|New York Central "Niagara" #6003|
These engines featured a 14-wheel "pedestal" (PT) or "centipede" style tender which carried 18,000 gallons of water and 46 tons of coal. Like other high-speed New York Central steam power, the Niagaras were equipped to scoop water on-the-fly from long pans set within the rails. The S1s had roller bearings on all axles and also on the side rods and Baker valve motion.
They were designed to accept either 75-inch or 79-inch driving wheels depending on their projected usage. The first example, S1a No. 6000, came with the smaller drivers as a "dual service" locomotive to satisfy requirements of the War Production Board, but the 25 engines of the S1b class that followed all came with the larger drivers intended for passenger service, and No. 6000 was also converted to the 79-inch size. (Larger driving wheels mean the locomotive is capable of faster speeds, but tractive effort is reduced.)
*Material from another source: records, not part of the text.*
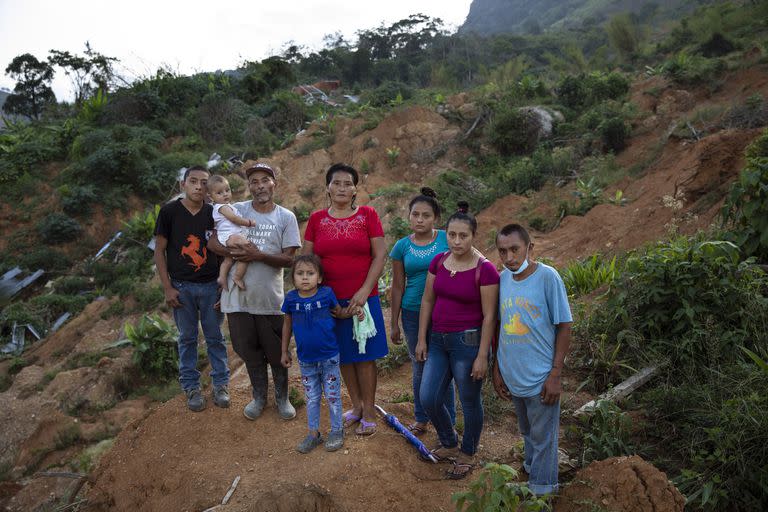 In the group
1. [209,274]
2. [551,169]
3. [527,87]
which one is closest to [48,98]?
[527,87]

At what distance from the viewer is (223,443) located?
386cm

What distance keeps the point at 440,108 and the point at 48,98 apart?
68.7 feet

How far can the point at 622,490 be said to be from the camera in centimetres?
259

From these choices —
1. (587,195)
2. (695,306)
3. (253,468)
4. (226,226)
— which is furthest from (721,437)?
(587,195)

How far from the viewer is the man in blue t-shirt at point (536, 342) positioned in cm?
269

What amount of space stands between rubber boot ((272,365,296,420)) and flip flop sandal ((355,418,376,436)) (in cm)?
67

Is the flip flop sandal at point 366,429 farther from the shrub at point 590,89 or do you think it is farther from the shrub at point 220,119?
the shrub at point 220,119

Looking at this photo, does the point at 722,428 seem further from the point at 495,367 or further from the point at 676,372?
the point at 495,367

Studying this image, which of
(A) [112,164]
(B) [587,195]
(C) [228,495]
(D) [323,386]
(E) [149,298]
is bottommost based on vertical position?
(E) [149,298]

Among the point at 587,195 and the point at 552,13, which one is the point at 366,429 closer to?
the point at 587,195

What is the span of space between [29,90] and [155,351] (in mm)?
25373

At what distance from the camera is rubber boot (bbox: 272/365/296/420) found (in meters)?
3.98

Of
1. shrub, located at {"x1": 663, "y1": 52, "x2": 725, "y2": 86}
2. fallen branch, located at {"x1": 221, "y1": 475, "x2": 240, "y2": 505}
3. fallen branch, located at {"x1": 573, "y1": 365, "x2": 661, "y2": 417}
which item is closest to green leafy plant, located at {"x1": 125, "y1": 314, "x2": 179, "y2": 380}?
fallen branch, located at {"x1": 221, "y1": 475, "x2": 240, "y2": 505}

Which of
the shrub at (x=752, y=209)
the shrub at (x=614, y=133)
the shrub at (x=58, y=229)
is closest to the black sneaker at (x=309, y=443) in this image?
the shrub at (x=752, y=209) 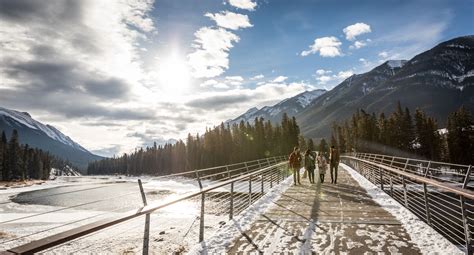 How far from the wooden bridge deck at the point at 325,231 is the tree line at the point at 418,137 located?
177 feet

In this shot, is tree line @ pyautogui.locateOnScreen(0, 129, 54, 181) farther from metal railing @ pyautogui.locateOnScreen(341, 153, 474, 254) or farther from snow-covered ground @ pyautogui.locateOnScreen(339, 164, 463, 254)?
snow-covered ground @ pyautogui.locateOnScreen(339, 164, 463, 254)

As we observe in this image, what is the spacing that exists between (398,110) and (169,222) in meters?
61.0

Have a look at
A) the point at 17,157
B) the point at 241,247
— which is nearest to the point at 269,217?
the point at 241,247

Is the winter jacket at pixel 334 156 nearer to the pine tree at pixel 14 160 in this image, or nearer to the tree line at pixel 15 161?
the tree line at pixel 15 161

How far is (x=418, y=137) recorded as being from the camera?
66.8 meters

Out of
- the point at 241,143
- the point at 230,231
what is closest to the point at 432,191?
the point at 230,231

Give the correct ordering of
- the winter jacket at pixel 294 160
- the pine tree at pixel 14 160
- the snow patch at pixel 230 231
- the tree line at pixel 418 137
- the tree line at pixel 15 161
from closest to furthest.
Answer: the snow patch at pixel 230 231 → the winter jacket at pixel 294 160 → the tree line at pixel 418 137 → the tree line at pixel 15 161 → the pine tree at pixel 14 160

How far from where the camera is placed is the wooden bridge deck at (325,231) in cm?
627

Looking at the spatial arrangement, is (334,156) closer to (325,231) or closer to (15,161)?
(325,231)

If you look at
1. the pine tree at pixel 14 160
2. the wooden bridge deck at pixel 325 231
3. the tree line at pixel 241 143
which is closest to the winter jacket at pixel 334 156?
the wooden bridge deck at pixel 325 231

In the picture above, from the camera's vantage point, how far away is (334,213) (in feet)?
32.2

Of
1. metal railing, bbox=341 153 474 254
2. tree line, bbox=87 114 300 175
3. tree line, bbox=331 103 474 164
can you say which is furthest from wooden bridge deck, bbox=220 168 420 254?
tree line, bbox=87 114 300 175

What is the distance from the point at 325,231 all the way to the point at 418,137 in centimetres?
6985

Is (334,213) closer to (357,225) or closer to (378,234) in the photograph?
(357,225) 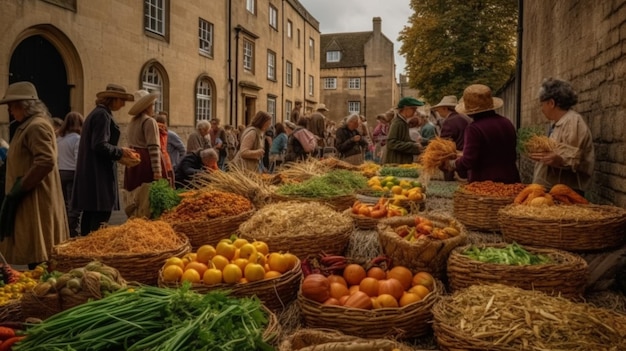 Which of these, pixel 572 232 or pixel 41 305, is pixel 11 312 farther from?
pixel 572 232

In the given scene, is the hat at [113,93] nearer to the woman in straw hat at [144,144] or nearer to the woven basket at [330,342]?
the woman in straw hat at [144,144]

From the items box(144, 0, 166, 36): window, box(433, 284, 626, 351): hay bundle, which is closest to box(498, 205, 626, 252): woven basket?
box(433, 284, 626, 351): hay bundle

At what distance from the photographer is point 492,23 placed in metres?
26.0

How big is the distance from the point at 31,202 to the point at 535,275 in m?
4.52

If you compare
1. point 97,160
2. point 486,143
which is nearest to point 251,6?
point 97,160

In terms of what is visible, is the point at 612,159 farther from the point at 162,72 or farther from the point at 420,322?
the point at 162,72

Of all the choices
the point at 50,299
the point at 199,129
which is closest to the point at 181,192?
the point at 50,299

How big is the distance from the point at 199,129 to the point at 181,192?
581cm

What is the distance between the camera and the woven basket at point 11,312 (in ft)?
11.3

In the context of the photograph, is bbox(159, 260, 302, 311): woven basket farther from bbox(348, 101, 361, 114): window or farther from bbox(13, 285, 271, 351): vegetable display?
bbox(348, 101, 361, 114): window

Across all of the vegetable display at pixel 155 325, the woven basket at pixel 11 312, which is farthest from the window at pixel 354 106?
the vegetable display at pixel 155 325

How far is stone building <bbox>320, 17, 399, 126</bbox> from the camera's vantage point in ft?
148

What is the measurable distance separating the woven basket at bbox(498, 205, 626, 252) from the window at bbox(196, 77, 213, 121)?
1654 centimetres

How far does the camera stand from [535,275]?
2.87m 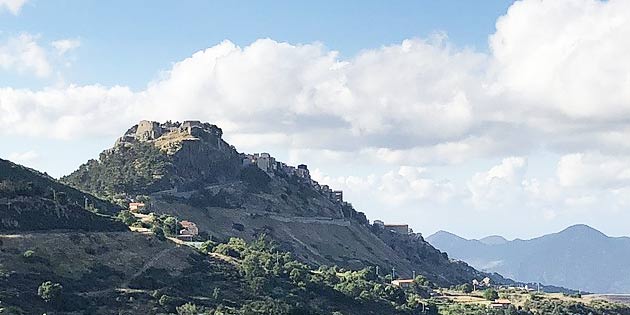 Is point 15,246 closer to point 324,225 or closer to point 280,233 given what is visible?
point 280,233

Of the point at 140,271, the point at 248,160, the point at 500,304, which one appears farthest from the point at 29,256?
the point at 248,160

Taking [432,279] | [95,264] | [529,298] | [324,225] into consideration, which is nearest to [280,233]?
[324,225]

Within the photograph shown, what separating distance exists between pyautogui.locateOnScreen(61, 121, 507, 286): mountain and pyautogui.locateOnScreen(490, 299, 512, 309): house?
121ft

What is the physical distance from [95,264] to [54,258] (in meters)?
4.61

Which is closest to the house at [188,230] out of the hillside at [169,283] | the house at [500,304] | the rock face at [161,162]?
the hillside at [169,283]

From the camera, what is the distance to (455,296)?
461 feet

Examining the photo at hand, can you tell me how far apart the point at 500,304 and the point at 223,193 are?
68.2 meters

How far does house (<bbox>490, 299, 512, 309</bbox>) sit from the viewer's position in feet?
413

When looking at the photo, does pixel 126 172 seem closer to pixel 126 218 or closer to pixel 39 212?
pixel 126 218

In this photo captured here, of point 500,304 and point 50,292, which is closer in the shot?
point 50,292

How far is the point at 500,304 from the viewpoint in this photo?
421 ft

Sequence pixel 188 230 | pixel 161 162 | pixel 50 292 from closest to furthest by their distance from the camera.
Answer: pixel 50 292 < pixel 188 230 < pixel 161 162

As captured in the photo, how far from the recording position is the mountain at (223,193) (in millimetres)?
159500

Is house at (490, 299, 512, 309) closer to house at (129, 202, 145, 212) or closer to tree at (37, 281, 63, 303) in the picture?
house at (129, 202, 145, 212) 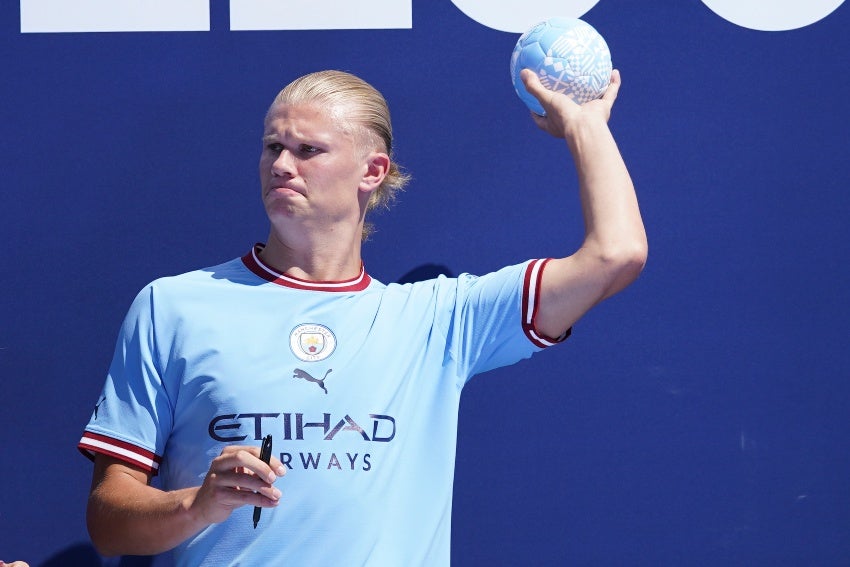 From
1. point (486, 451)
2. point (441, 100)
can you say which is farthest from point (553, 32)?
point (486, 451)

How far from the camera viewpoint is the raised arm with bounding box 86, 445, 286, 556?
1627mm

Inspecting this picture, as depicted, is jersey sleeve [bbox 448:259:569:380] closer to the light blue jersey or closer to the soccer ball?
the light blue jersey

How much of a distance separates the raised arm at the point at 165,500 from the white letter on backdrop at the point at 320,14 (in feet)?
3.57

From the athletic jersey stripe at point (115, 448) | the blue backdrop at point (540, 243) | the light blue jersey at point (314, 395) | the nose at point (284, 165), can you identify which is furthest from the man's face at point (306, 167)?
the athletic jersey stripe at point (115, 448)

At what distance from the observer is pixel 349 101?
217 cm

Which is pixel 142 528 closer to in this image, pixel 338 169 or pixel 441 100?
pixel 338 169

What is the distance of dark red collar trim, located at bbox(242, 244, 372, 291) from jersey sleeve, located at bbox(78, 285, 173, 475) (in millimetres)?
239

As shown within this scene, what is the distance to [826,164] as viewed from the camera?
251cm

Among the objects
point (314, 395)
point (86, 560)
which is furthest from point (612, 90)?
point (86, 560)

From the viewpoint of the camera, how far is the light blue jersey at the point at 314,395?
6.36ft

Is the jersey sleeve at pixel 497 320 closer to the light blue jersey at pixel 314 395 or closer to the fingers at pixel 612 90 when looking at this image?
the light blue jersey at pixel 314 395

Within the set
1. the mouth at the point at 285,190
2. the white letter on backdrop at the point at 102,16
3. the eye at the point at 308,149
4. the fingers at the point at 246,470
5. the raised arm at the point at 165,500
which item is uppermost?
the white letter on backdrop at the point at 102,16

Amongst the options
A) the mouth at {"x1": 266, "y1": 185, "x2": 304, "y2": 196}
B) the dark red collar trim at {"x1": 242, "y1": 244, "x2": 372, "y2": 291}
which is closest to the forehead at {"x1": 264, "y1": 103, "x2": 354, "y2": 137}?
the mouth at {"x1": 266, "y1": 185, "x2": 304, "y2": 196}

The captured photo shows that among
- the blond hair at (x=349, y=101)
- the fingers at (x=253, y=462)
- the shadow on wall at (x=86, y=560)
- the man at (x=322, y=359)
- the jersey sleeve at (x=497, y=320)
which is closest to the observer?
the fingers at (x=253, y=462) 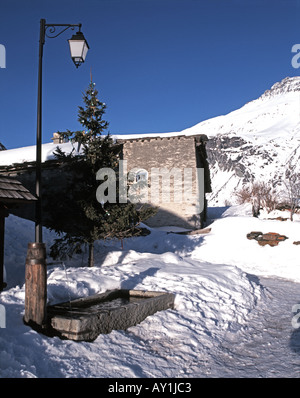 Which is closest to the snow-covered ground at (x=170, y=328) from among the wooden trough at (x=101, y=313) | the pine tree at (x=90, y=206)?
the wooden trough at (x=101, y=313)

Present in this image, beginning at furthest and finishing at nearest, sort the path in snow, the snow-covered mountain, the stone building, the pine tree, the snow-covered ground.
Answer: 1. the snow-covered mountain
2. the stone building
3. the pine tree
4. the path in snow
5. the snow-covered ground

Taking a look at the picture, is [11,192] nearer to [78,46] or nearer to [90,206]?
[78,46]

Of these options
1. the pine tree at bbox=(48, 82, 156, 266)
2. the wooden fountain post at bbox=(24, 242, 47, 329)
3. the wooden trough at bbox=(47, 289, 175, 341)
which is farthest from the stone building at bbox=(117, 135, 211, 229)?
the wooden fountain post at bbox=(24, 242, 47, 329)

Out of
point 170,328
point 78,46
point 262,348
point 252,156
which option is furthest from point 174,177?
point 252,156

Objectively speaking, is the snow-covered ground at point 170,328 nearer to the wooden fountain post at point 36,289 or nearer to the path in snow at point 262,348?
the path in snow at point 262,348

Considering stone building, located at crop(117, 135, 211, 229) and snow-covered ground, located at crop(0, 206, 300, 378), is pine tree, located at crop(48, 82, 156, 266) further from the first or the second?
stone building, located at crop(117, 135, 211, 229)

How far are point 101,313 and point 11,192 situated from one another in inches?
104

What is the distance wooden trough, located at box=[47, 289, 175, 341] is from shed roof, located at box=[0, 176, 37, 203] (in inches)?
75.6

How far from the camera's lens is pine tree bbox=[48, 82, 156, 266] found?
959 centimetres

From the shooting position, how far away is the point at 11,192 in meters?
5.72

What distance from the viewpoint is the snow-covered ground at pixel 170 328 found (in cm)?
400

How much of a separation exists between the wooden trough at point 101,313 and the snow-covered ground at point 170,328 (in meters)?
0.13

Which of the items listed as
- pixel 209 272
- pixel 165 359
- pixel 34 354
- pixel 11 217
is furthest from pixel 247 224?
pixel 34 354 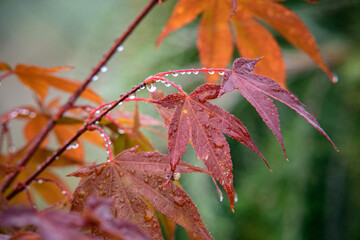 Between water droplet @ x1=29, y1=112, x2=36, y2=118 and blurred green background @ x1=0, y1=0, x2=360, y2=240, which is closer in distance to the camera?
water droplet @ x1=29, y1=112, x2=36, y2=118

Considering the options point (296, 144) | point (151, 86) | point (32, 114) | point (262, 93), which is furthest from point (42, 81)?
point (296, 144)

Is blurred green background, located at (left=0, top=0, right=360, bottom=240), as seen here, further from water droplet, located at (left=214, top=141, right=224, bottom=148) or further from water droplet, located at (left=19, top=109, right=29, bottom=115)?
water droplet, located at (left=214, top=141, right=224, bottom=148)

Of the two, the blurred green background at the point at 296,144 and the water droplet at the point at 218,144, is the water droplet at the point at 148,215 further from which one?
the blurred green background at the point at 296,144

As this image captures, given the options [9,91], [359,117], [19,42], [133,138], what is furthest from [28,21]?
[133,138]

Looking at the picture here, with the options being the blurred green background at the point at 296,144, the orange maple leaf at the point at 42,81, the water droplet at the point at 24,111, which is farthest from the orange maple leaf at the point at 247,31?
the blurred green background at the point at 296,144

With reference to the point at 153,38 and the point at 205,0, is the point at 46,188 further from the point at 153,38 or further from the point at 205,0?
the point at 153,38

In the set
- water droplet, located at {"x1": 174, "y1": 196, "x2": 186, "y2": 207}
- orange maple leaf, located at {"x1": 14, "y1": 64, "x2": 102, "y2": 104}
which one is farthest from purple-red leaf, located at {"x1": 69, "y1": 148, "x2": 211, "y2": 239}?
orange maple leaf, located at {"x1": 14, "y1": 64, "x2": 102, "y2": 104}

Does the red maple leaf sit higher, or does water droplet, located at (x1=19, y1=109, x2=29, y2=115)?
the red maple leaf
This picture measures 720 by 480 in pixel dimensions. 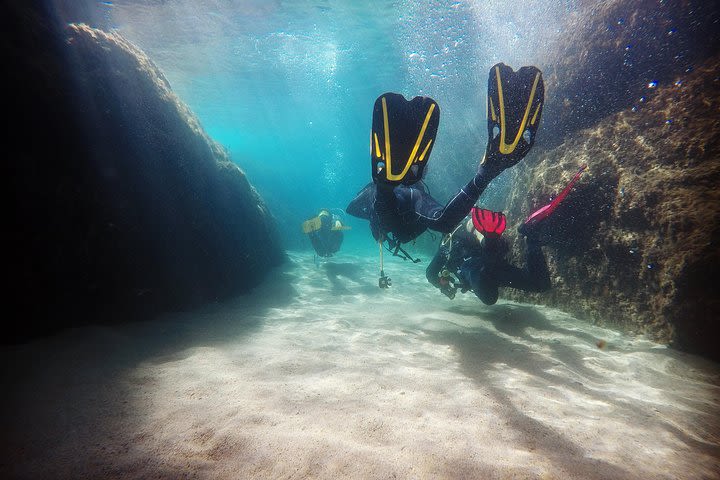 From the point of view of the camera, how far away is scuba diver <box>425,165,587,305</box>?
468cm

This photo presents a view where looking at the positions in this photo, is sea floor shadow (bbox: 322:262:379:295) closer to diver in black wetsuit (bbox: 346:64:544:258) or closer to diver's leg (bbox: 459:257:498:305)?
diver's leg (bbox: 459:257:498:305)

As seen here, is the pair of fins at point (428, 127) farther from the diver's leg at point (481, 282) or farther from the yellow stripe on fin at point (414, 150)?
the diver's leg at point (481, 282)

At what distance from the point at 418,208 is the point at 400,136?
1217mm

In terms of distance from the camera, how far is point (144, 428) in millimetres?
1928

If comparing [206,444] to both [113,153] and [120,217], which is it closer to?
[120,217]

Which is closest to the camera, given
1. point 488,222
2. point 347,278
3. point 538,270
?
point 488,222

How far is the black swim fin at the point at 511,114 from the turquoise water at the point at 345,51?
6.35m

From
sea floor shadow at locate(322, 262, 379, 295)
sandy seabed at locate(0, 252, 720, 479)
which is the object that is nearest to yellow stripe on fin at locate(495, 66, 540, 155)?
sandy seabed at locate(0, 252, 720, 479)

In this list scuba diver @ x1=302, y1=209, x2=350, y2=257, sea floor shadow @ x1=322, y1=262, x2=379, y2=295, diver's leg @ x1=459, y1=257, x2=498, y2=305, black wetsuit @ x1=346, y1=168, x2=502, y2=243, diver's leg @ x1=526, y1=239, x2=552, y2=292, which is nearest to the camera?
black wetsuit @ x1=346, y1=168, x2=502, y2=243

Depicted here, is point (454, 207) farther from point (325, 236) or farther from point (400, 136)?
point (325, 236)

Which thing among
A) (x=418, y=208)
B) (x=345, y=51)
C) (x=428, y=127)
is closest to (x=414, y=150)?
(x=428, y=127)

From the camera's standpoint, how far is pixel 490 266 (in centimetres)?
512

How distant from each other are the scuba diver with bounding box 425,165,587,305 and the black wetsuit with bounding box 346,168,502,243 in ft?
2.96

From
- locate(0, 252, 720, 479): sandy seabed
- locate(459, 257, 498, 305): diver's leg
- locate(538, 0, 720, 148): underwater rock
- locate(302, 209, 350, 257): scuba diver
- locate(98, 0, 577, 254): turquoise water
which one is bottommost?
locate(0, 252, 720, 479): sandy seabed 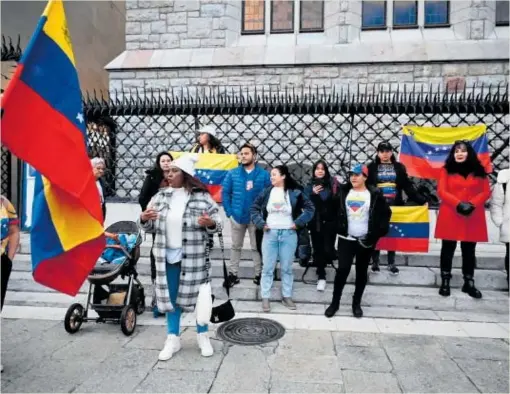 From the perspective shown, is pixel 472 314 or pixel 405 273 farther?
pixel 405 273

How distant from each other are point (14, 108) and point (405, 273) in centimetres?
558

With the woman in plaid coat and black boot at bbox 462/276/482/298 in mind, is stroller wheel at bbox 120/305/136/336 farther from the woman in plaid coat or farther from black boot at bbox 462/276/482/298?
black boot at bbox 462/276/482/298

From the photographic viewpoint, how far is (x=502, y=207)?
544 centimetres

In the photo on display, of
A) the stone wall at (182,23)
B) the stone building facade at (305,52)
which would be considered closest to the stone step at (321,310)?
the stone building facade at (305,52)

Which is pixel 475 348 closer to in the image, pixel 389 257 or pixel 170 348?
pixel 389 257

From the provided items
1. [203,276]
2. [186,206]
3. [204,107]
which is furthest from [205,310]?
[204,107]

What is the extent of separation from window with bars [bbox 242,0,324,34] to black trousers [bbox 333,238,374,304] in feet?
33.7

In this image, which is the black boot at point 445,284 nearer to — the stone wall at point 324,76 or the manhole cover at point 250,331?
the manhole cover at point 250,331

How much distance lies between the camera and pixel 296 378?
338cm

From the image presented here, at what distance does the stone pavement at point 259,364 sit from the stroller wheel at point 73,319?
10 centimetres

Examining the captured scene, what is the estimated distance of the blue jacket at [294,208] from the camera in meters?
5.18

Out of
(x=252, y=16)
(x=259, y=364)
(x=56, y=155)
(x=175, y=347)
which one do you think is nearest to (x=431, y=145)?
(x=259, y=364)

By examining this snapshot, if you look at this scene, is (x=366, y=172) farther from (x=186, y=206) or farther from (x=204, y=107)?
(x=204, y=107)

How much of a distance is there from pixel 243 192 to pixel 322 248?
148 centimetres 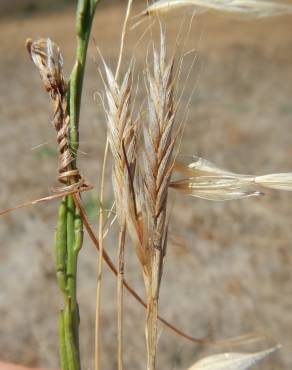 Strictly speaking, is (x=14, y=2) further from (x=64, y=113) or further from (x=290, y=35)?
(x=64, y=113)

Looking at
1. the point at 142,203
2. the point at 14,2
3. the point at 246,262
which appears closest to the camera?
the point at 142,203

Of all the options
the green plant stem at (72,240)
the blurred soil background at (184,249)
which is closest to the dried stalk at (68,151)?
the green plant stem at (72,240)

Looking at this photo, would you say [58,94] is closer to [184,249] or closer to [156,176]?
[156,176]

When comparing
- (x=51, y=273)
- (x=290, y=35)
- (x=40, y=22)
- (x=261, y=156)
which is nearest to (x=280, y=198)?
(x=261, y=156)

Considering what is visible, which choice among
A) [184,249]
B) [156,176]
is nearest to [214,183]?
[156,176]

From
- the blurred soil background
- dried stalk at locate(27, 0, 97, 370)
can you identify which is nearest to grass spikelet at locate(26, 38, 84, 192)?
dried stalk at locate(27, 0, 97, 370)

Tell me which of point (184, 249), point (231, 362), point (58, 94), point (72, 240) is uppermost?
point (58, 94)

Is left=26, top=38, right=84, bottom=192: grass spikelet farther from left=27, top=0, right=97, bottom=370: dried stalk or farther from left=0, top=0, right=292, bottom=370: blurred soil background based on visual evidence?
left=0, top=0, right=292, bottom=370: blurred soil background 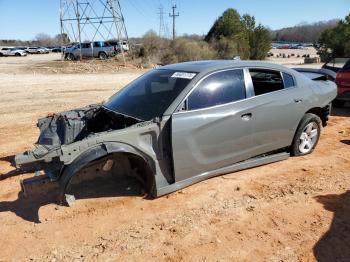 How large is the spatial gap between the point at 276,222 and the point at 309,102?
2.53m

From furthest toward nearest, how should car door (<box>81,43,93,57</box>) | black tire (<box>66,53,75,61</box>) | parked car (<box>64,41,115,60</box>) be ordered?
black tire (<box>66,53,75,61</box>), car door (<box>81,43,93,57</box>), parked car (<box>64,41,115,60</box>)

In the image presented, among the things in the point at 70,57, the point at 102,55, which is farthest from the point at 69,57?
the point at 102,55

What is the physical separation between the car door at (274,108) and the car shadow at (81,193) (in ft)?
5.94

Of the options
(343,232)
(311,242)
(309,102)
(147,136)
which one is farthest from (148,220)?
(309,102)

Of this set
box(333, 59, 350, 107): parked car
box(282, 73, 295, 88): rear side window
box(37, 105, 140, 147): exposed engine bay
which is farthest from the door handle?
box(333, 59, 350, 107): parked car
The Niagaras had a boiler pressure of 275 pounds per square inch, 25½x32-inch cylinders, and a tractive effort of 61,570 pounds. Their trailing truck supported a firebox with 101 square feet of grate area. This, combined with an evaporative heating surface of 4,819 square feet, produced about 6,000 horsepower at 40 miles per hour, the equivalent at that time of four diesel units. The S1s were fitted with a diesel-like air horn as well as a steam whistle, which sometimes fooled photographers lying in wait for a shot of this relatively short-lived breed of iron horse.
Niagaras were last used east of Buffalo on mail and express trains until August, 1953, after which they were used on the New York Central in the Midwest. By mid-1956 they had all been sold for scrap.